The Supreme Court’s recent decisions dovetail with the GOP’s strategy of misdirection. In June, the Court turned back a challenge to the FDA’s approval of mifepristone and dismissed a dispute about states’ attempts to flout a federal law that requires emergency medical care, including abortion, for pregnant patients whose lives or health are at risk. Conveniently, these cases allowed the court to look “moderate” and “reasonable” while postponing unpopular rulings until after the election.

The GOP platform’s failure to condemn same-sex marriage is similarly misleading. As Justice Clarence Thomas freely admits, the same constitutional theory that overruled Roe makes precedents protecting marriage equality—as well as rights to contraception and same-sex intimacy—equally vulnerable. Last month, in a low-profile ruling about a citizen’s right to know why her non-citizen spouse could not obtain a visa, the supermajority quietly but ominously signaled its intent to revisit the scope of the right to marry.

To understand the Republican party’s real agenda, read Project 2025, the 900+ page blueprint for a second Trump administration authored by his acolytes for the Heritage Foundation. It lays out detailed plans to abolish the independent federal civil service and the Department of Education; vest broad new powers in the president; sharply curtail immigration and expand deportations; eviscerate civil rights and liberties; exempt religious individuals and corporations from obeying the law; supercharge corporate power; use the 1873 Comstock Act to ban abortion nationwide; and decimate the government’s ability to fight climate change, gun violence, and discrimination or to protect the environment, consumers, workers, families, and the integrity of our elections.

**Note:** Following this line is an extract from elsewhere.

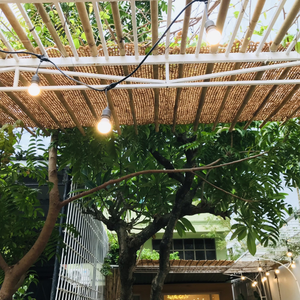 Voile d'ombrage rectangulaire en fibre de coco naturelle - Eco2go Vietnam, conçue pour la durabilité en zone côtière, pour serres et utilisation sur la plage - Product Image 4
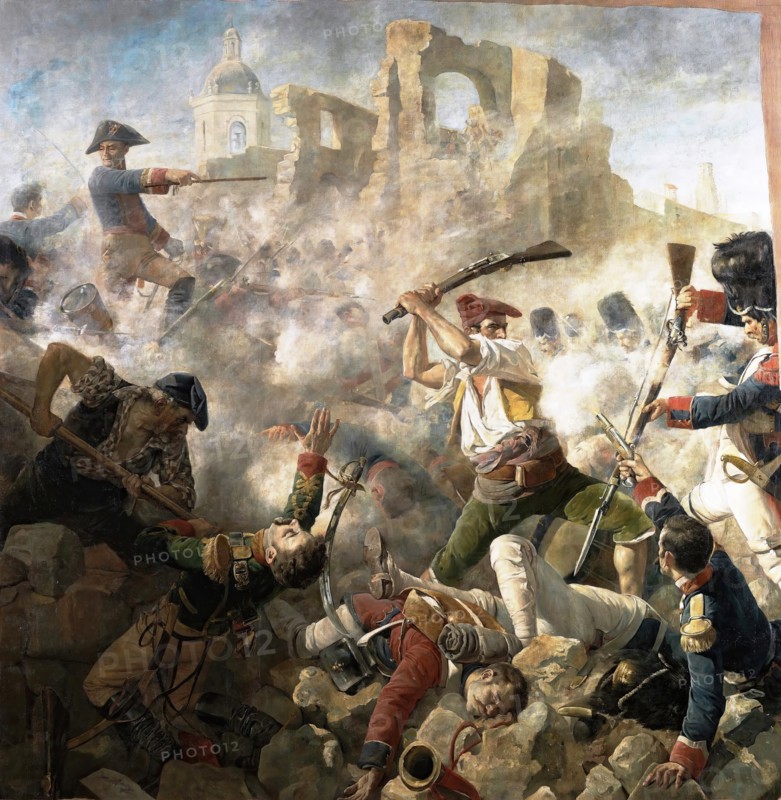 The Great Day of Gerona (September 19, 1809), c1890. Creator: Cesar Alvarez Dumont.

If these plans sound like far-fetched fantasy, they shouldn’t. Recent decisions by the Court’s right-wing super-majority lay crucial groundwork: granting broad presidential immunity from criminal prosecution, allowing corrupt public officials and insurrectionists to escape scot-free, unleashing attacks on federal regulation, tearing down the wall between church and state, undermining voting rights, blessing gerrymandering, and rescinding basic individual freedoms. Trump’s attempts to distance himself from this terrifying agenda, like his GOP platform ruse, must not be allowed to succeed.

Serena Mayeri is the Arlin M. Adams Professor of Constitutional Law and Professor of History at the University of Pennsylvania Carey Law School.

The views expressed in this article are the writer’s own.